§ **Task statement**: Write the records below out again exactly as given, with no images.

§ **Provided records**:
───

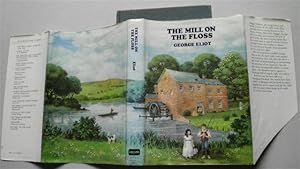 Seller image for THE MILL ON THE FLOSS for sale by Instant Rare and Collectable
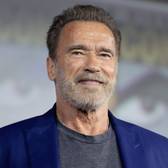 Arnold Schwarzenegger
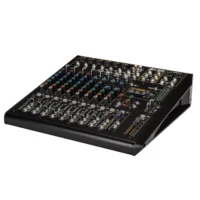 RCF F12XR Mixer Analog 12 Channel (FX + USB)
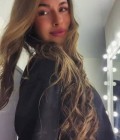 Alina 31 ans Kyiv Ukraine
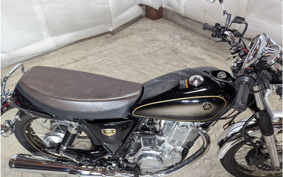 YAMAHA SR400 FINAL ED LTD 2021 RH16J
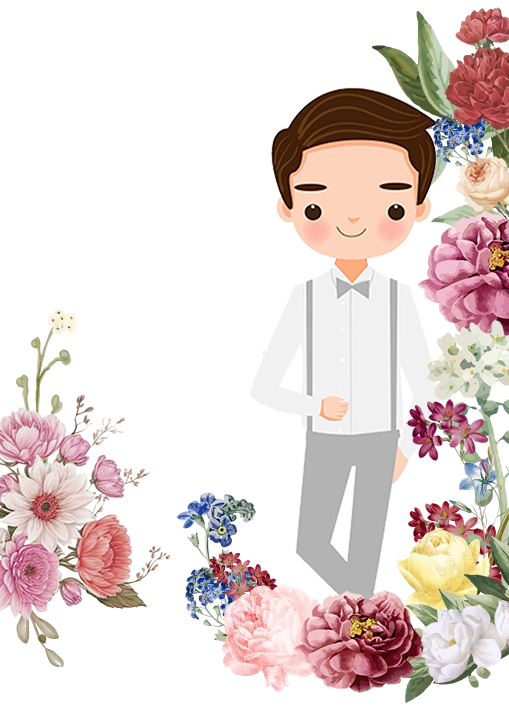 Avatar 01 blossom cpp kanan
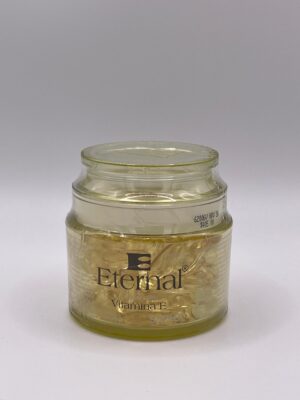 Frasco Eternal Vitamin E 400 UI cápsulas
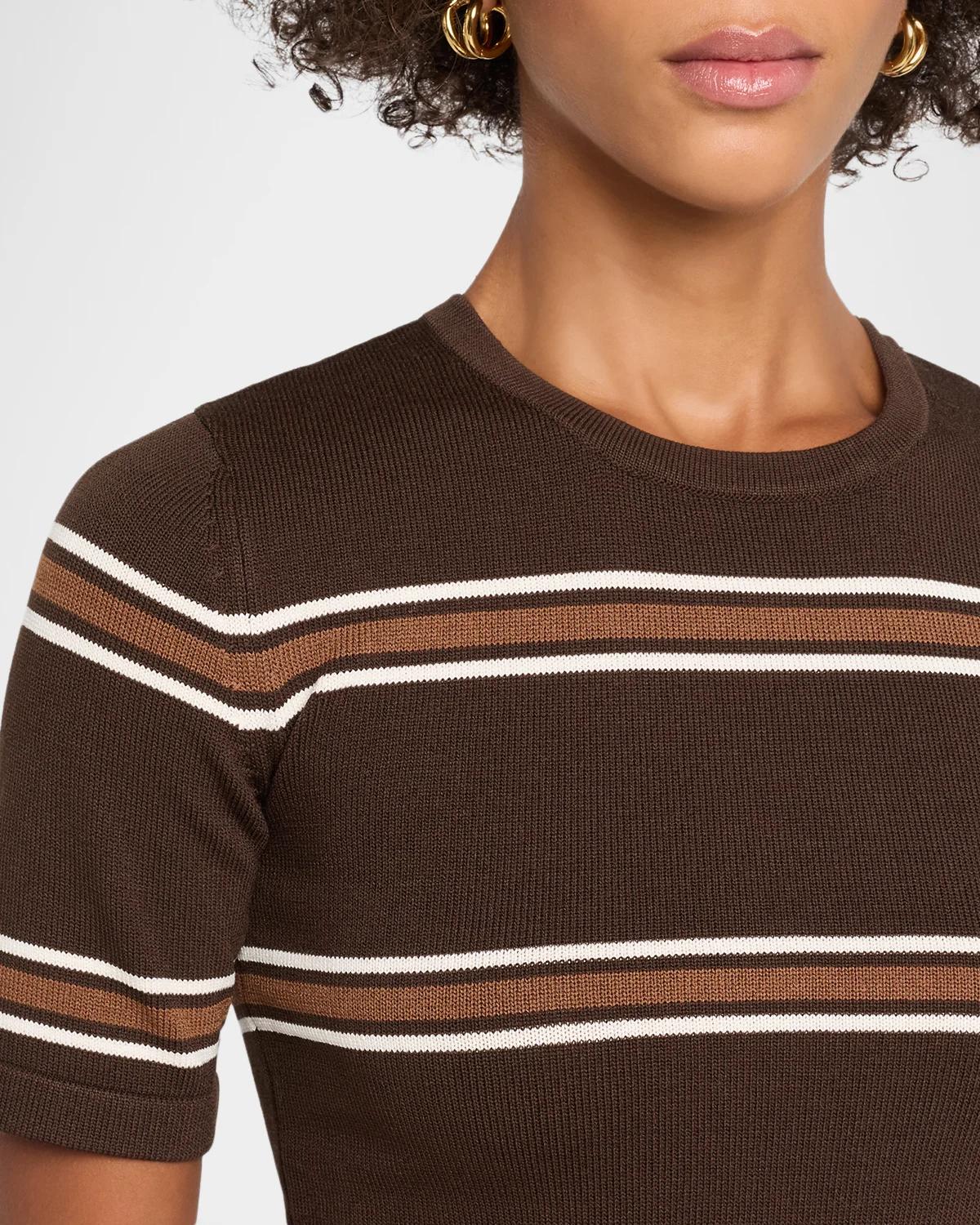 Ry Knit Top - thumbnail 6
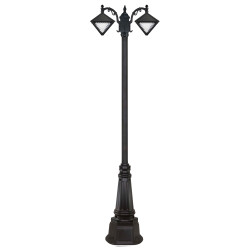چراغ دوشاخه داتیس- کد: 96202 & 5021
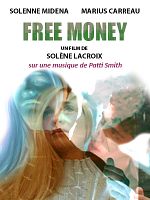 Poster der Free Money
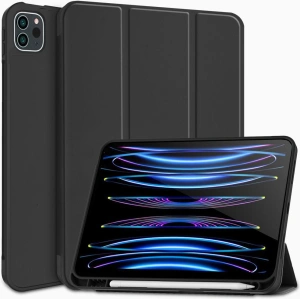 Kup Etui Tech-Protect Sc Pen Apple iPad Pro 11 2020/2021/2022 (2., 3. és 4. generáció) Fekete - THP1509 - {ean13} - Sklep Home Screen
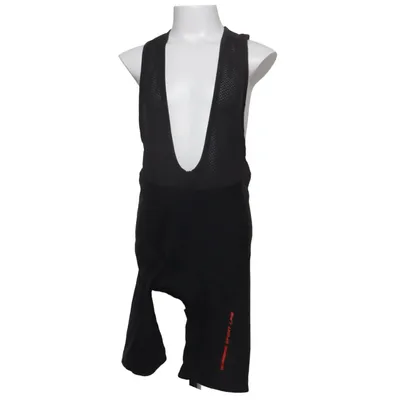 Combinaison de vélo (Noir) de Nakamura Élasthane, Polyamide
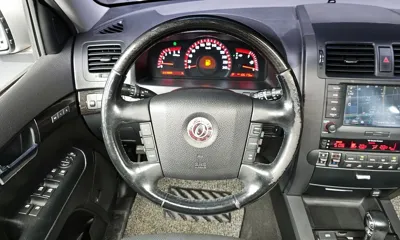Kia Mohave 2014, 105173 км, за 12990000 KRW - фото 12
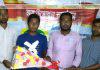 দারিদ্র্য শিক্ষার্থীদের সাহায্যের লক্ষ্যে যাত্রা শুরু করলো ‘শিক্ষা কল্যাণ সংঘ’ দারিদ্র্য শিক্ষার্থীদের সাহায্যের লক্ষ্যে যাত্রা শুরু করলো 'শিক্ষা কল্যাণ সংঘ'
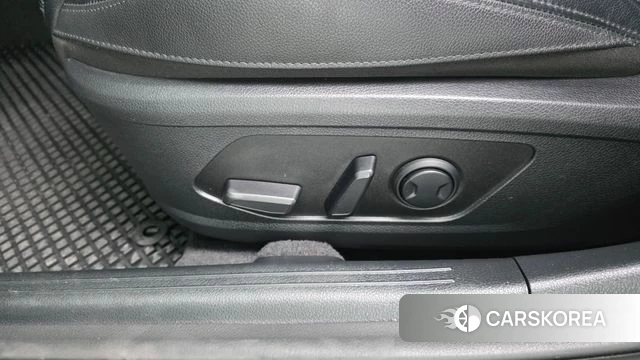 Kia The New K5 3rd generation id 4880107 из Кореи 28
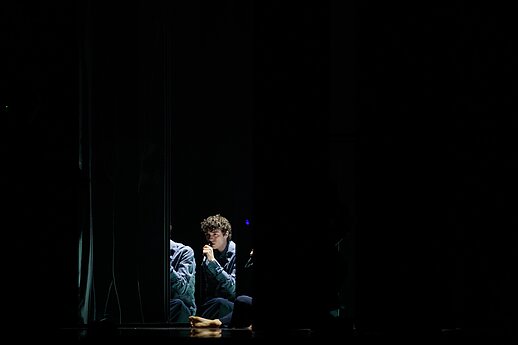 2026 m. „Eurovizijos“ antrasis pusfinalis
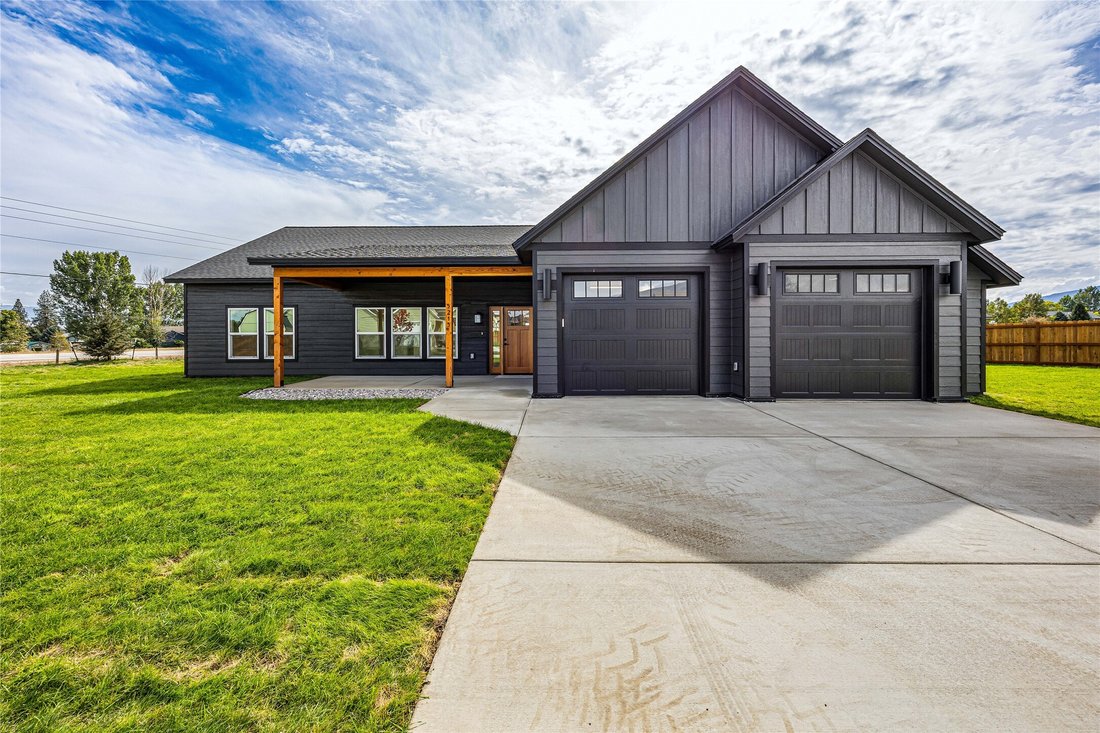 House in Florence, Montana, United States 1 - 18938129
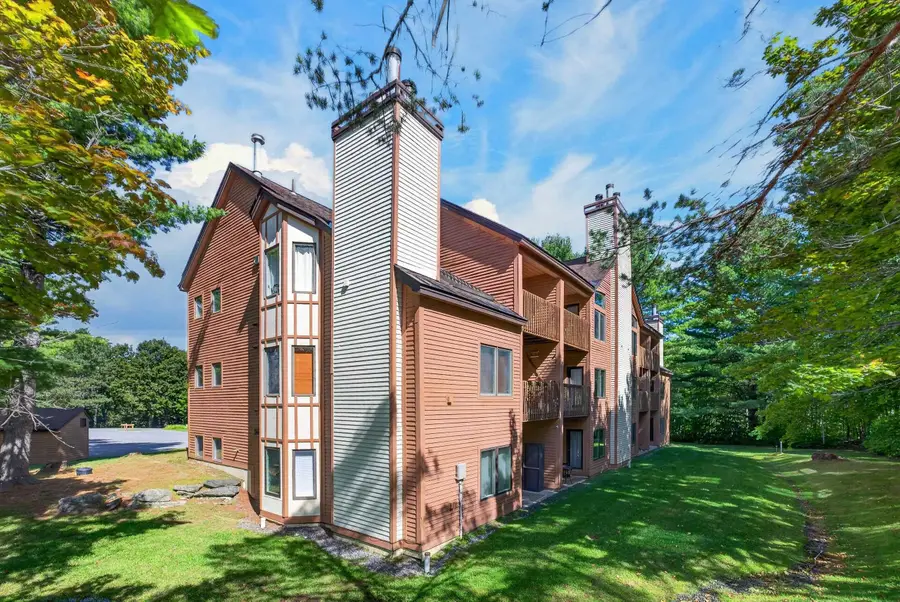 8C Deer Creek, Dover, VT 05356 - #2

───

§ **Result**:
 Seller image for THE MILL ON THE FLOSS for sale by Instant Rare and Collectable
 Arnold Schwarzenegger
 RCF F12XR Mixer Analog 12 Channel (FX + USB)
 Alina 31 ans Kyiv Ukraine
 YAMAHA SR400 FINAL ED LTD 2021 RH16J
 Avatar 01 blossom cpp kanan
 Frasco Eternal Vitamin E 400 UI cápsulas
 Ry Knit Top - thumbnail 6
چراغ دوشاخه داتیس- کد: 96202 & 5021
 Poster der Free Money
 Kup Etui Tech-Protect Sc Pen Apple iPad Pro 11 2020/2021/2022 (2., 3. és 4. generáció) Fekete - THP1509 - {ean13} - Sklep Home Screen
 Combinaison de vélo (Noir) de Nakamura Élasthane, Polyamide
Kia Mohave 2014, 105173 км, за 12990000 KRW - фото 12
 দারিদ্র্য শিক্ষার্থীদের সাহায্যের লক্ষ্যে যাত্রা শুরু করলো ‘শিক্ষা কল্যাণ সংঘ’ দারিদ্র্য শিক্ষার্থীদের সাহায্যের লক্ষ্যে যাত্রা শুরু করলো 'শিক্ষা কল্যাণ সংঘ'
 Kia The New K5 3rd generation id 4880107 из Кореи 28
 2026 m. „Eurovizijos“ antrasis pusfinalis
 House in Florence, Montana, United States 1 - 18938129
 8C Deer Creek, Dover, VT 05356 - #2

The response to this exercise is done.